Brexit could see UK excluded from critical future cyber, U-Space and Galileo sat-nav programmes

Britain could be left out of Brussels’ vision of a vibrant U-Space that will support an emerging European drone industry, according to a report in the Financial Times newspaper.

The newspaper reports that the nation could be left to go it alone in the areas of cyber security and drone technology as the EU’s attempts to develop “strategic autonomy” in these areas.

Details of the strict restrictions likely to be placed on the European Defence Fund are due to be unveiled by the European Commission on Wednesday, which could mean that in a post-Brexit environment, non-EU expertise will be sought on an exceptional basis when it “is necessary for achieving the objectives” of the project.

Even so, significant conditions on such collaboration, including restrictions on technology transfer, the need for the company to be EU-based and its relevant staff security cleared by an EU member state may be applied.

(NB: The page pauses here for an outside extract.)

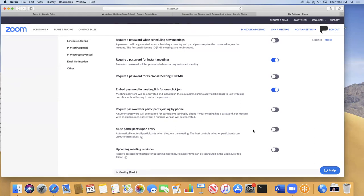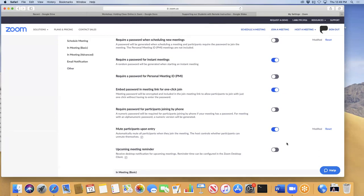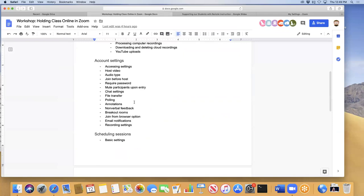If I change this to mute participants upon entry, that doesn't necessarily impact any session I've already got scheduled. Since I'm setting it on the settings page, what that means is the next time I go to schedule a session, by default this option would be checked. If it's a session where I only have eight students and I want them to be able to talk right away, I can uncheck it when setting up that specific session.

The issue echoes moves this week to proceed with further Galileo procurement even though no deal has been agreed between the UK and the 27 EU member states to allow its continued participation.

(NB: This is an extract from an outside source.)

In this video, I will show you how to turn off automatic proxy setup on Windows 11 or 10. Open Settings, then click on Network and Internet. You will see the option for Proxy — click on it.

Science minister Sam Gyimah said the vote at an ESA Council meeting to proceed with procurement put at risk Britain’s future security relationship with the EU.

“The simple fact is that without full, fair and open industrial involvement, Galileo doesn’t offer the UK value for money or meet our defence needs, so we would be obliged to walk away, resulting in delays and additional costs to the programme that will run into the billions,” he said.

Although the UK said it is wanting the EU to examine alternative options allowing it to participate in the Galileo programme, ministers have spoken of the possibility of the UK building its own GNSS system, which could cost between £3-5 billion.

The European Commission has said Brexit means the UK will be excluded from a key Galileo element next year, namely, the Public Regulated Service, or PRS – a navigation and timing signal intended for use by government agencies, armed forces and emergency services.